Take the listing below and print exactly the lines starting at the line containing "GANT - Sailing" and ending at the line containing "LEKSAKER, parti, Dinky", both ends included, and no others.

[Exercise inputs — start]

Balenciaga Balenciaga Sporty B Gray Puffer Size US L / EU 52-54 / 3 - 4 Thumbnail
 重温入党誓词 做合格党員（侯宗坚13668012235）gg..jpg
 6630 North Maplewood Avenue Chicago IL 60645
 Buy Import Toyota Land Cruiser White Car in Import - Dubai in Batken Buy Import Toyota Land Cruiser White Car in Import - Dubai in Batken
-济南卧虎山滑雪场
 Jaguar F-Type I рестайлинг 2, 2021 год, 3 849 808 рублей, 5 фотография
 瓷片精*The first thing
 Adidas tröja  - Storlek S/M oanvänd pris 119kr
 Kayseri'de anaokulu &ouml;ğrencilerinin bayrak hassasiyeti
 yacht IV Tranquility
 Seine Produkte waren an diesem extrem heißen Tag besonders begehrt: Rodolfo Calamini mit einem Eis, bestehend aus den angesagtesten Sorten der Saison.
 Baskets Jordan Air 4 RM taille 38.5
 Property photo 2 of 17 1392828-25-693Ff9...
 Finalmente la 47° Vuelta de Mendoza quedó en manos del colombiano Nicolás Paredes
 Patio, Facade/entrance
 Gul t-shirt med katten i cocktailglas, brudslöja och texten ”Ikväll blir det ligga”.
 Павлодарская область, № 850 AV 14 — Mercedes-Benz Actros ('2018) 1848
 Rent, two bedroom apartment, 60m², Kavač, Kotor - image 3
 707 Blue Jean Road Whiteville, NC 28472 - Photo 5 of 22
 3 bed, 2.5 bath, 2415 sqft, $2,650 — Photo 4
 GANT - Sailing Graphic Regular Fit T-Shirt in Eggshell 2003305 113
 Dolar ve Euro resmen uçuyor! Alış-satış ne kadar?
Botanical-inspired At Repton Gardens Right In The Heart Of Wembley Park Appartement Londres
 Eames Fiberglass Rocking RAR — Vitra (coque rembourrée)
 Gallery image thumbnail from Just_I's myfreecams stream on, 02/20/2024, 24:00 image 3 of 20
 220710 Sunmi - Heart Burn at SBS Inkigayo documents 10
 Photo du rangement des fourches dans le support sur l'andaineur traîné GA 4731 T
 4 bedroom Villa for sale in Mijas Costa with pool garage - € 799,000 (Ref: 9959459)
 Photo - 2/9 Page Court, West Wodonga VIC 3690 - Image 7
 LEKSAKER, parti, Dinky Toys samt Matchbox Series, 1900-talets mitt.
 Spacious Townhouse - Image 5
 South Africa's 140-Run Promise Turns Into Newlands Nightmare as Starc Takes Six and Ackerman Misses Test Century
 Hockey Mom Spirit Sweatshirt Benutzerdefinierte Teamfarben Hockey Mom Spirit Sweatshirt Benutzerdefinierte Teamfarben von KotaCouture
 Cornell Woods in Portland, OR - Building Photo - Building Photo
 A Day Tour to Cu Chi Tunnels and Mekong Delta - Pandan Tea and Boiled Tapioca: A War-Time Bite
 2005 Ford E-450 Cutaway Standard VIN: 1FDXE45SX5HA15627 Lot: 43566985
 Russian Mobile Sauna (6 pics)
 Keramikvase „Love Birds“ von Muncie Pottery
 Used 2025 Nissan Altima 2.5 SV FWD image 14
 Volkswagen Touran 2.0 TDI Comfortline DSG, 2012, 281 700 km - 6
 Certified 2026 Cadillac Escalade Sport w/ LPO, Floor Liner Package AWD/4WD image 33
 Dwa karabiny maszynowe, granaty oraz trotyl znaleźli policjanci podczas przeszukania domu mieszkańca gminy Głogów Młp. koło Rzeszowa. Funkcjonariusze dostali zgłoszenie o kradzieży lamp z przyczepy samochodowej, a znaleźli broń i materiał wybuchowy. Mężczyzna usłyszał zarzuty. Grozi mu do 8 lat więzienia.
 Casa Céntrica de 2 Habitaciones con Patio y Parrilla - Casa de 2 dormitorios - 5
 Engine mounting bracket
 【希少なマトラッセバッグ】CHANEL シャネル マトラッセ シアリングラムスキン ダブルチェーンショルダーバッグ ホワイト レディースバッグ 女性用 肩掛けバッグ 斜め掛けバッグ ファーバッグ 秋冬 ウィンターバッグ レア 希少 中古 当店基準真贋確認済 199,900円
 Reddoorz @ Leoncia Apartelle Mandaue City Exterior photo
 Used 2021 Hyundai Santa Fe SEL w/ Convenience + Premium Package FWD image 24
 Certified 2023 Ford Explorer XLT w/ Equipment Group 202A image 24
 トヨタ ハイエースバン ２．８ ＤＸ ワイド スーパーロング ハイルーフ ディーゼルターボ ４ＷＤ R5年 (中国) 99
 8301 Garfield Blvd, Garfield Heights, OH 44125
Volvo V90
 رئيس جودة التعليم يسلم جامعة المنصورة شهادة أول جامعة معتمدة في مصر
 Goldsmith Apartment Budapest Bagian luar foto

[Exercise inputs — finish]

## Exercise solution
 GANT - Sailing Graphic Regular Fit T-Shirt in Eggshell 2003305 113
 Dolar ve Euro resmen uçuyor! Alış-satış ne kadar?
Botanical-inspired At Repton Gardens Right In The Heart Of Wembley Park Appartement Londres
 Eames Fiberglass Rocking RAR — Vitra (coque rembourrée)
 Gallery image thumbnail from Just_I's myfreecams stream on, 02/20/2024, 24:00 image 3 of 20
 220710 Sunmi - Heart Burn at SBS Inkigayo documents 10
 Photo du rangement des fourches dans le support sur l'andaineur traîné GA 4731 T
 4 bedroom Villa for sale in Mijas Costa with pool garage - € 799,000 (Ref: 9959459)
 Photo - 2/9 Page Court, West Wodonga VIC 3690 - Image 7
 LEKSAKER, parti, Dinky Toys samt Matchbox Series, 1900-talets mitt.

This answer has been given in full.